**THE PROBLEM**: Reproduce the following data exactly, minus any images.

**Image-text web data**:
Start of Block

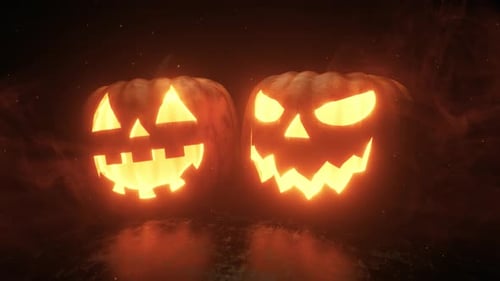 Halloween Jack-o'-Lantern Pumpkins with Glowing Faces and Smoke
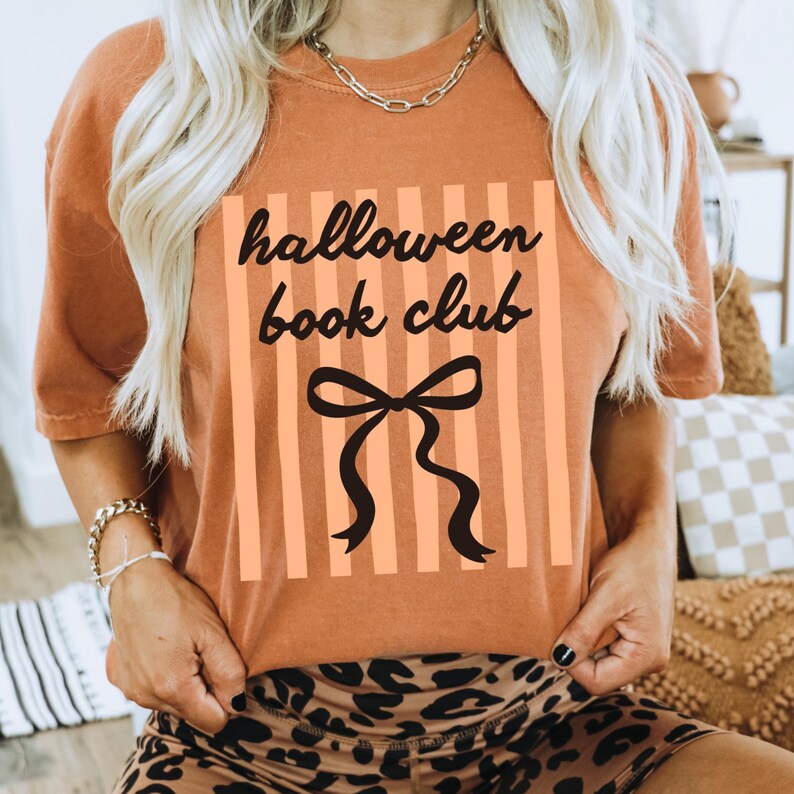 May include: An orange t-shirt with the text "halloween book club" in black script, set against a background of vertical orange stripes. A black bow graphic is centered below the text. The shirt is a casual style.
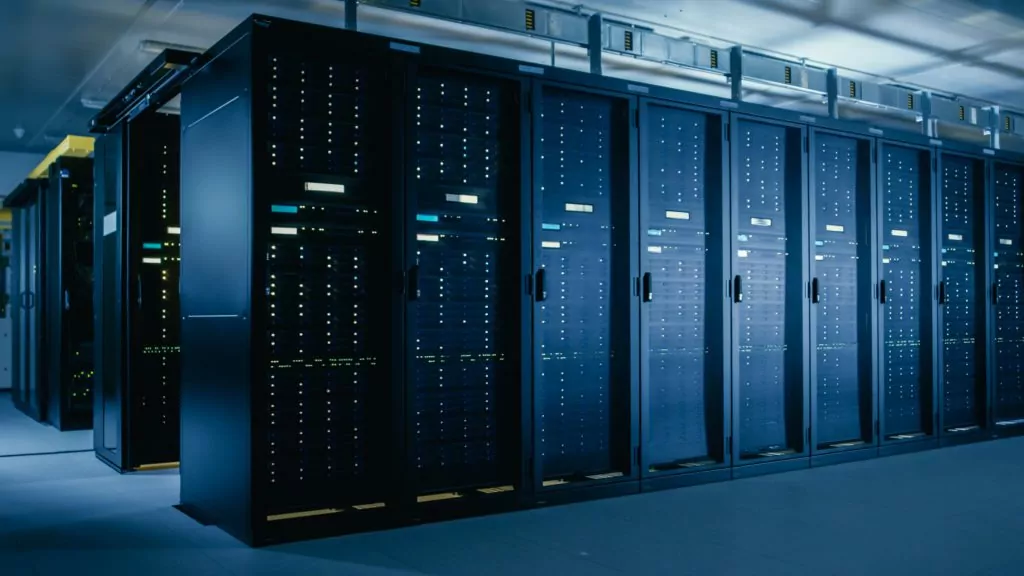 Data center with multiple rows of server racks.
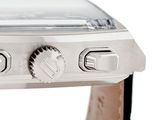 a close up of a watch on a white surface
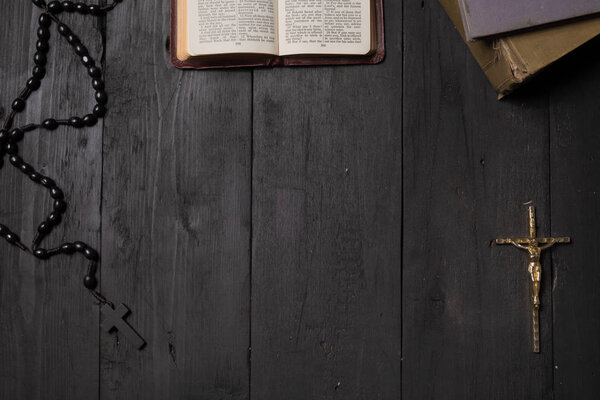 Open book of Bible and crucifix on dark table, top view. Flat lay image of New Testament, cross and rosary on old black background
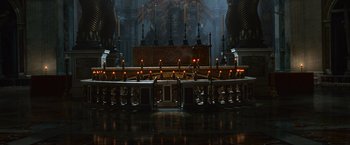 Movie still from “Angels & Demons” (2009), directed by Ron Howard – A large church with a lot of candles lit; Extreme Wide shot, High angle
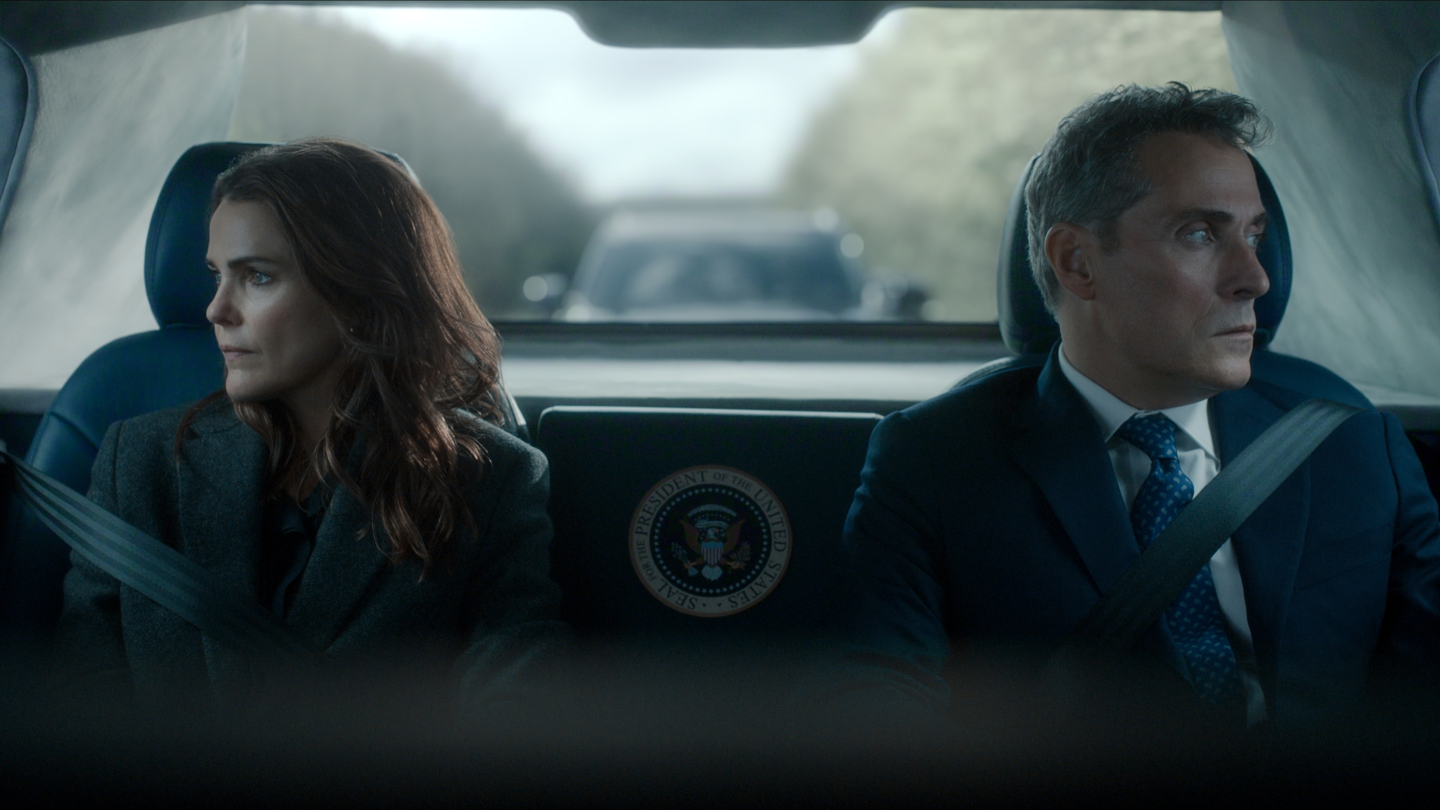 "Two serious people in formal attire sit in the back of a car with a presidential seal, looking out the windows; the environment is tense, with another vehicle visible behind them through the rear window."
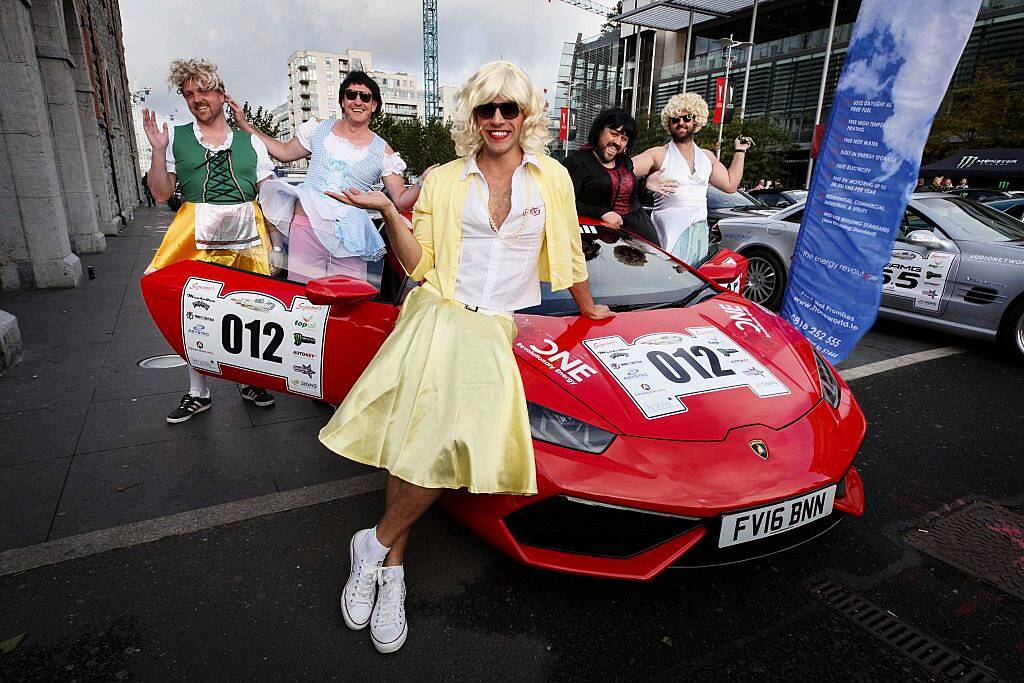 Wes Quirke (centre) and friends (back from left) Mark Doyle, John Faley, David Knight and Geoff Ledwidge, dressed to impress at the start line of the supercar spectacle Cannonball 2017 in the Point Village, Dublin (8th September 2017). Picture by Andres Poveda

End of Block

**RESPONSE FOR THIS EXERCISE**:
 Halloween Jack-o'-Lantern Pumpkins with Glowing Faces and Smoke
 May include: An orange t-shirt with the text "halloween book club" in black script, set against a background of vertical orange stripes. A black bow graphic is centered below the text. The shirt is a casual style.
 Data center with multiple rows of server racks.
 a close up of a watch on a white surface
 Open book of Bible and crucifix on dark table, top view. Flat lay image of New Testament, cross and rosary on old black background
 Movie still from “Angels & Demons” (2009), directed by Ron Howard – A large church with a lot of candles lit; Extreme Wide shot, High angle
 "Two serious people in formal attire sit in the back of a car with a presidential seal, looking out the windows; the environment is tense, with another vehicle visible behind them through the rear window."
 Wes Quirke (centre) and friends (back from left) Mark Doyle, John Faley, David Knight and Geoff Ledwidge, dressed to impress at the start line of the supercar spectacle Cannonball 2017 in the Point Village, Dublin (8th September 2017). Picture by Andres Poveda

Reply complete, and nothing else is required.